Thanks for all of your ideas. I was definitely typing in the heat of the (ongoing...and going...and going) moment and needed to vent. i know spanking and yelling isn't going to solve anything. but sometimes...you just get so fed up.
my husband and i just had a long chat, and much of it was centered around our expectations. My father said something interesting to me the other day, which was that anger/frustration is something that arises out of expectations. And i now see that much of my anger has to do with my expectations in two areas:
1. Her emotional/behavioral development
2. My needs/wants
We do sleep in a family bed. she has a room with a bed in it with her stuff, but doesn't sleep there much. The kids are about 2.75 years apart. we are lucky that the baby does not wake her up, even when he cries.
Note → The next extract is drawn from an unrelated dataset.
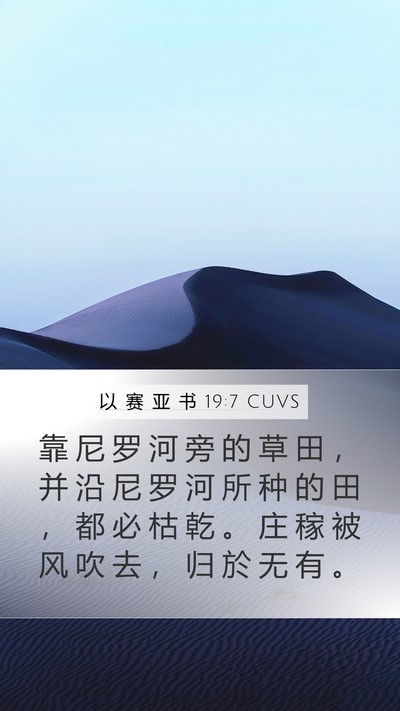 以 赛 亚 书 19:7 CUVS Mobile Phone Wallpaper - 靠 尼 罗 河 旁 的 草 田 ， 并 沿 尼 - Mobile Bible Verse Wallpaper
She just sleeps though it. the problem lately is that he is going to bed at 7pm sharp because that is just when he is out. he is so easy to get to sleep, its not even funny. when this happens, she gets read to in her bed instead of ours so as to not wake the baby. often, lately, she has said she wants to stay and sleep in her own bed at that point. its much easier to just do it in our bed, but i just lay with her in her bed and say "lets go to sleep." when we go to lay down (she does think that i go to bed with her every night) regardless of where it is, she starts up with the "i don't want to go to bed" and gets up and tries to leave. my husband and i have initiated a plan for future bedtimes. we have been trying to get her to go to bed early, and when we do this (like tonight at 6:45 because she was really tired, but also more because we wanted "our time" to ourselves) she resists going to sleep even more. when she gets up at 7pm and says "im not tired. i don't want to go to bed" maybe...maybe she isnt? i know its likely that she is, but if she says this at 9pm, its less likely to be true and she is also less likely to fight. if you could have seen the fight tonight--its hard to believe a very, very tired child could put up such a fight. anyway, so our new plan is this: no more trying to get her to bed before 8pm. at 8, we start the bedtime routene (yes, we have a long one that involves lots of books, telling stories, back rubs, etc.) and if, after stories, she persists in the "i dont want to go to bed" thing, my husband will play memory game or hi-ho cherry-o or something with her in bed. we'll just work on keeping her calm, relaxed and in bed until she is ready to fall asleep. the fight is just so not worth it. i totally lost my S**T tonight in the worst way. like...out of control parent. it is the worst thing in the world to look back and say "i was OUT OF CONTROL". we ask them to 'use their words' and all that, and then we have tantrums, totally lose it, too. i don't know how i can expect her to not freak out, when i do it..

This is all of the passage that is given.